Search code examples
mathsimilarity

How to calculate similarity of numbers (in list)


I am looking for a method for calculating similarity score for list of numbers. Ideally the method should give result in fixed range. For example from 0 to 1 where 0 is not similar at all and 1 means all numbers are identical.
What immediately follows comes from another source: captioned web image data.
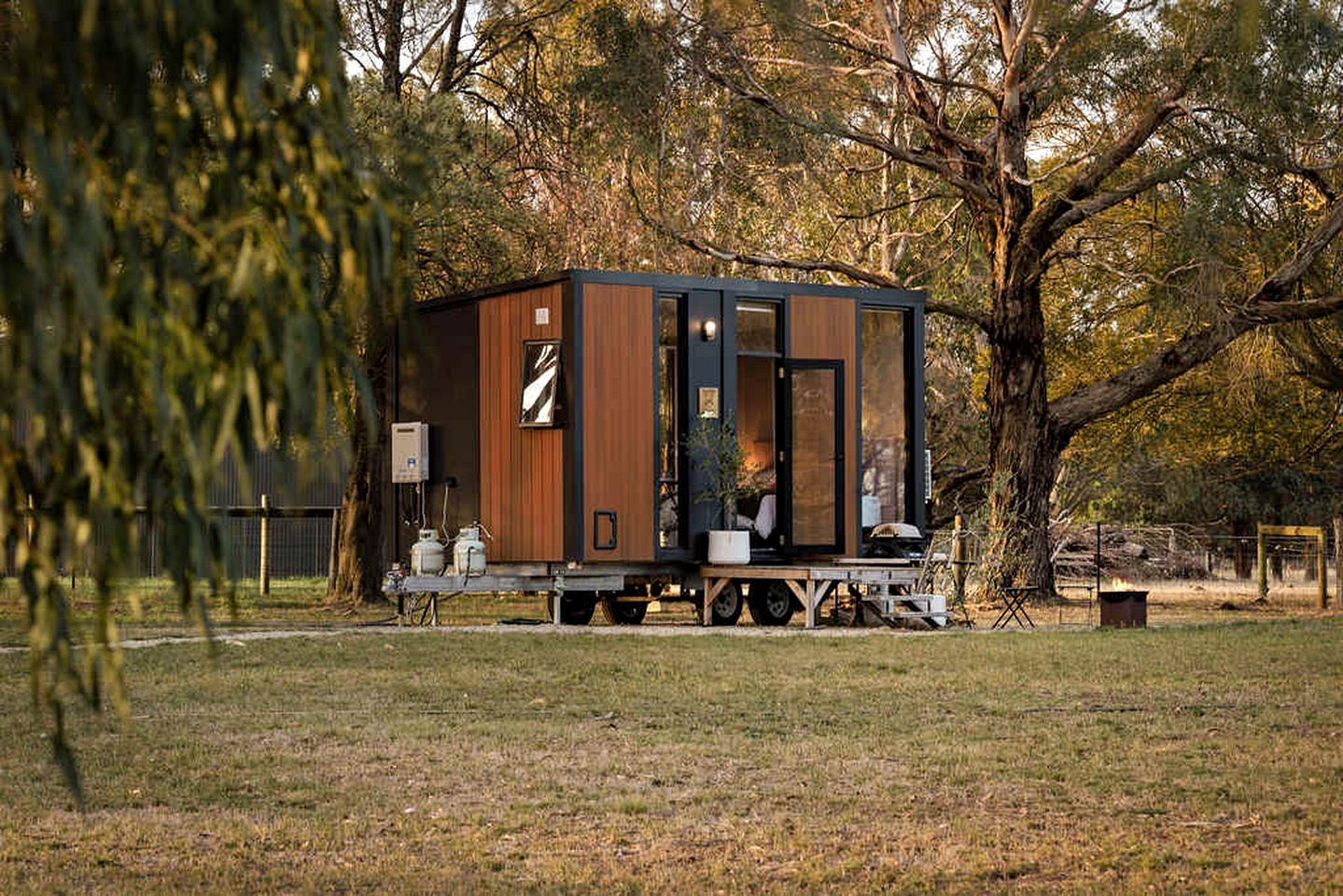 Een klein, laag huis met een plat dak, gelegen op een grasveld met bomen op de achtergrond.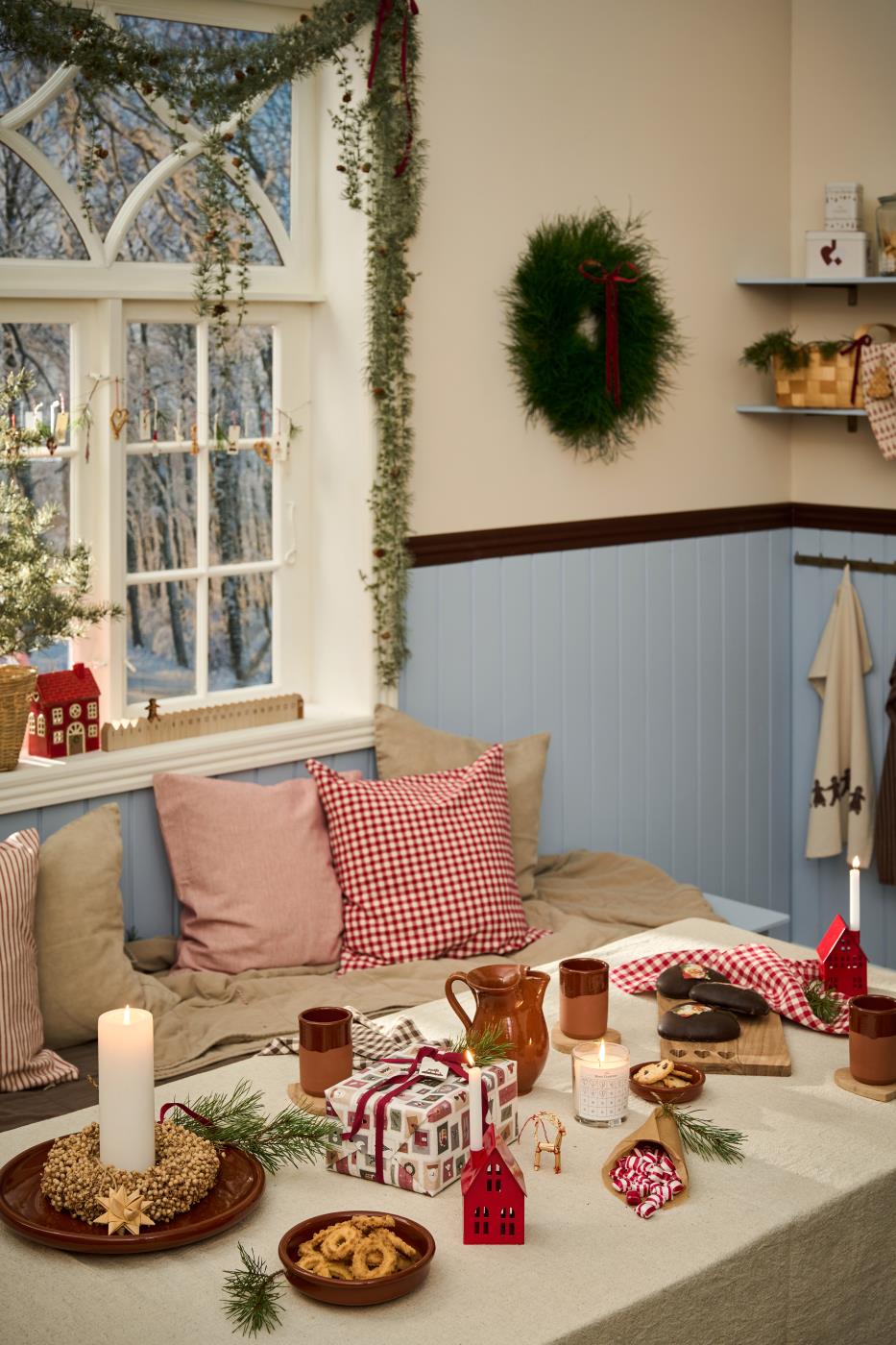 Linnefärgad duk på ett bord med julklappar, gran, röda detaljer och julpynt i ett mysigt vardagsrum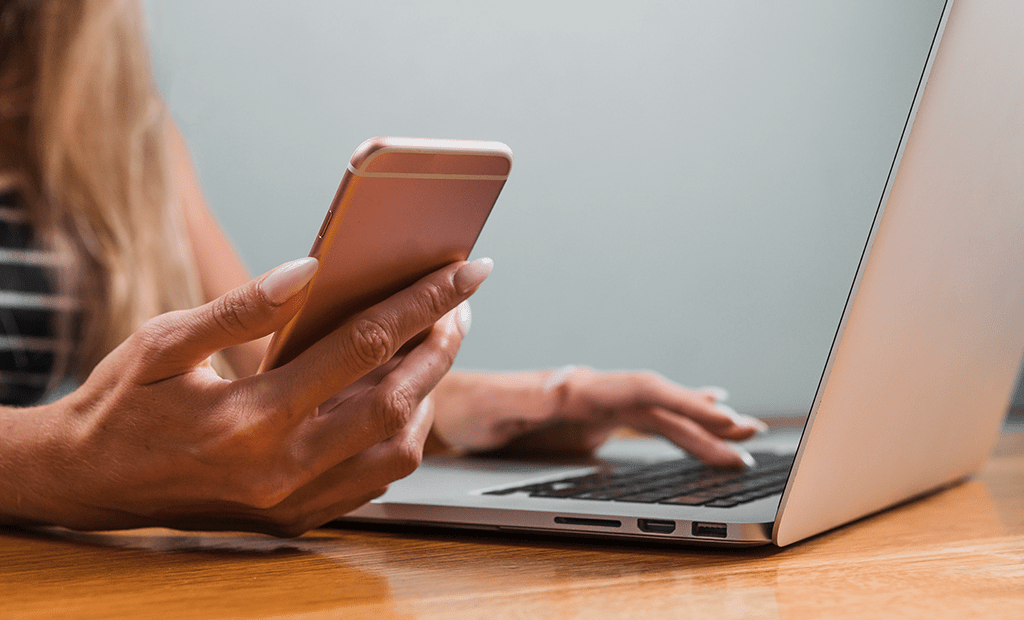 Representatividade. Imagem de uma mão feminina mexendo em um notebook e na outra mão mexendo no celular. 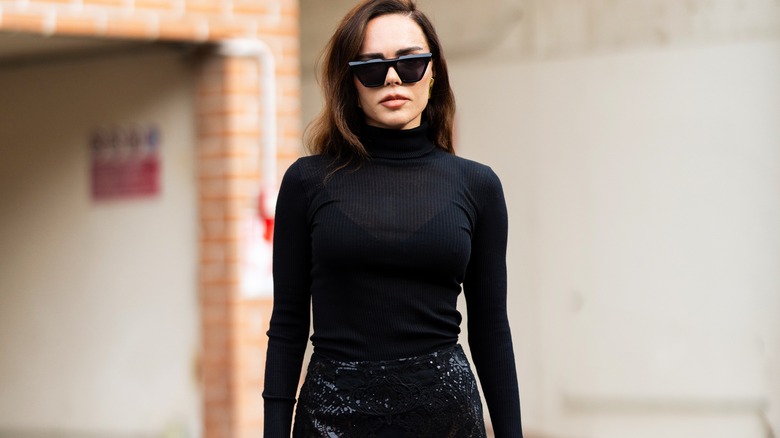 Woman wearing black turtleneck and sunglasses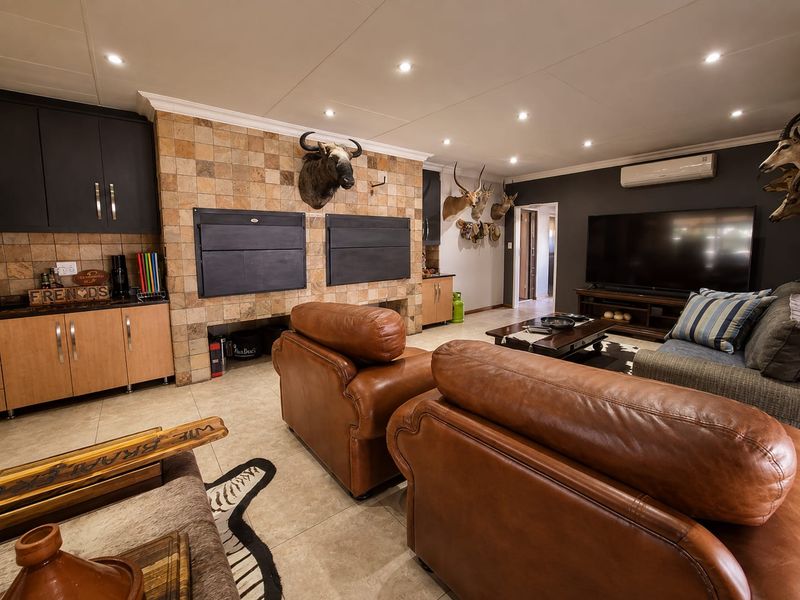 Spacious living area featuring a dual built-in braai with tiled surround, recessed lighting, and split-system air conditioning.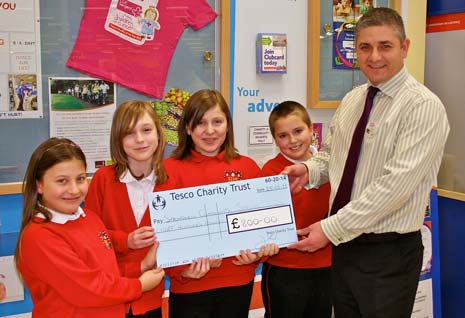 Children from heath Primary School receive their donation cheque from Tesco Store Manager, Michael Cooke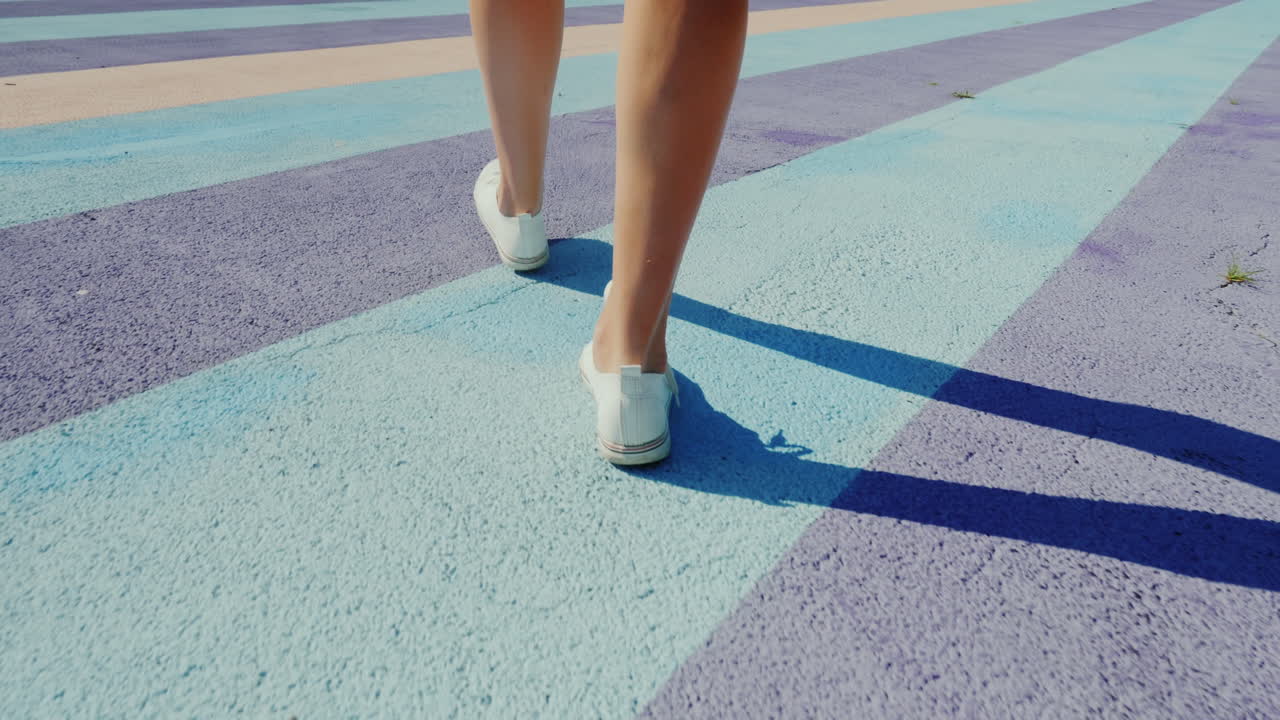 Follow Shot Of Walking Feet In Sports Shoes Walking On Colorful Motley Asphalt
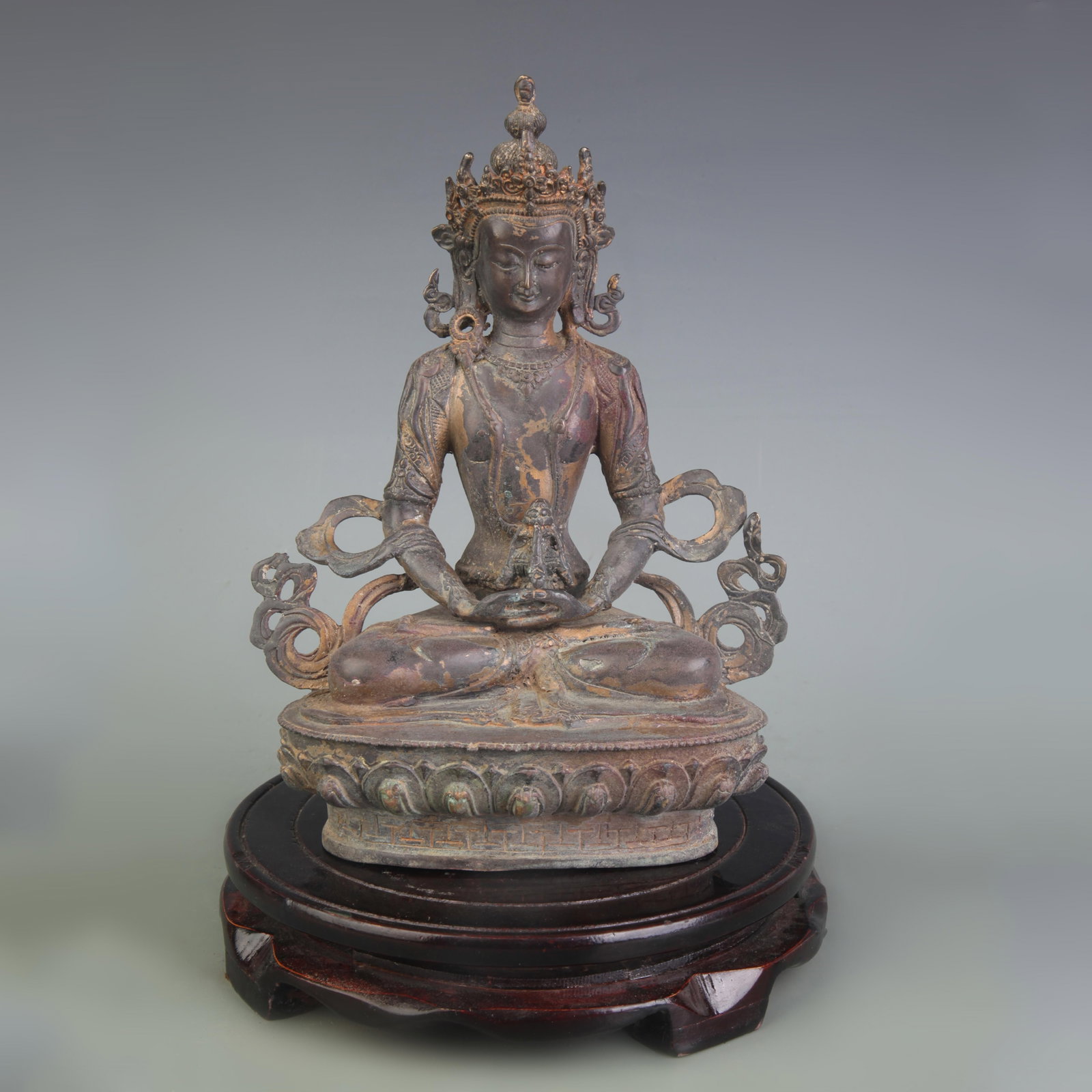A FINE BRONZE LONGEVITY BUDDHA STATUE: Qing Dynasty; High: 8.4 inch. Wooden base for display only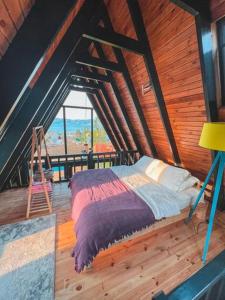a bedroom with a bed and a ladder in a attic at Wonder of nature bungalov sapanca in Sapanca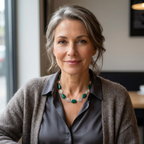 Woman wearing a grey cardigan and green necklace with silver spirals indoors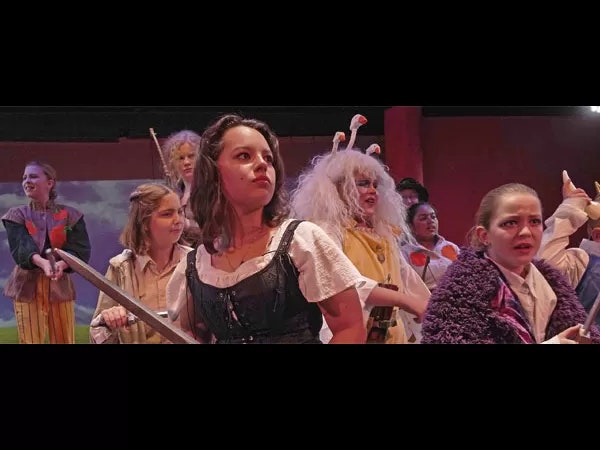 A group of people in theatrical costumes, some holding weapons, are engaged in a dramatic scene on stage.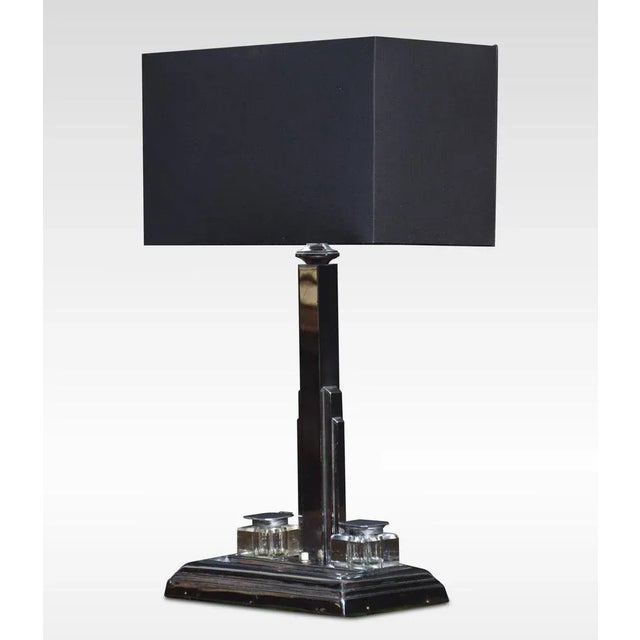 Art Deco chrome desk lamp with the square stepped stem supported on a rectangular base with inset inkwells and pen rest....
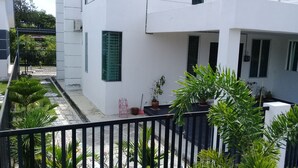 A modern white building with a balcony, potted plants, and a black metal fence. - Noor Homestay (Kangar)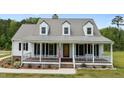 Charming two-story home with a welcoming front porch and American flag at 675 Anderson Creek Rd, Henderson, NC 27537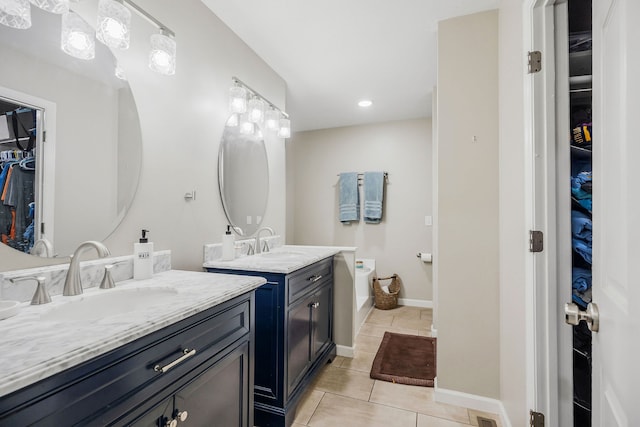 bathroom with tile patterned flooring and dual vanity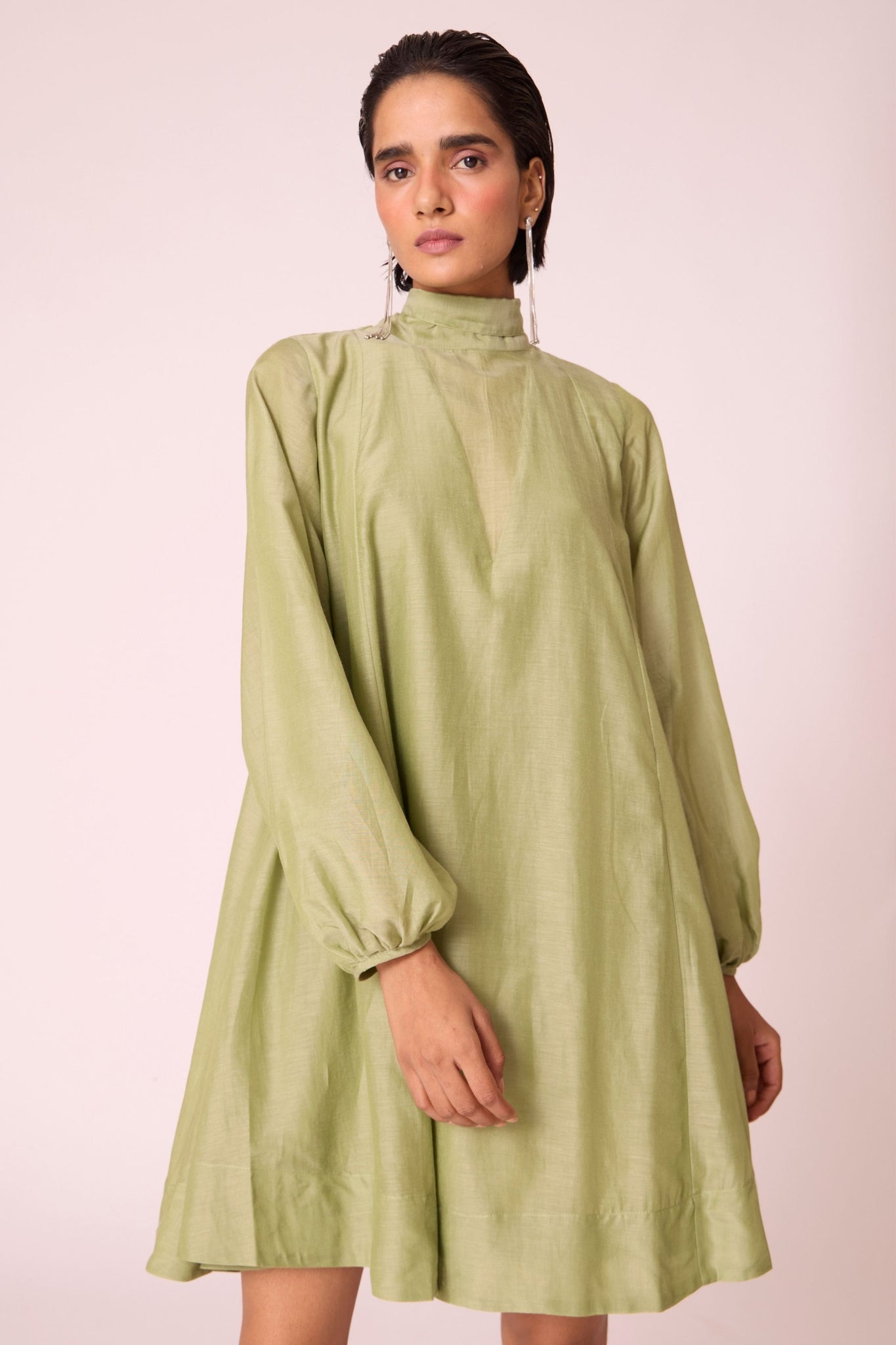 Green silk-cotton panelled short dress with halter neck, back tie, bishop sleeves, and lined body.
For clarity let me provide a few examples:

0 1 2 3 4 5 6 7 8 9 10 => the similarity should be 0 or close to zero as all numbers are different
1 1 1 1 1 1 1 => 1
10 9 11 10.5 => close to 1
1 1 1 1 1 1 1 1 1 1 100 => score should be still pretty high as only the last value is different

I have tried to calculate the similarity based on normalization and average, but that gives me really bad results when there is one 'bad number'.

Thank you.


Solution

  • Similarity tests are always incredibly subjective, and the right one to use depends heavily on what you're trying to use it for. We already have three typical measures of central tendency (mean, median, mode). It's hard to say what test will work for you because there are different ways of measuring that will do what you're asking, but have wildly different measures for other lists (like [1]*7 + [100] * 7). Here's one solution:

    import statistics as stats
    
    def tester(ell):
        mode_measure = 1 - len(set(ell))/len(ell)
        avg_measure = 1 - stats.stdev(ell)/stats.mean(ell)
        return max(avg_measure, mode_measure)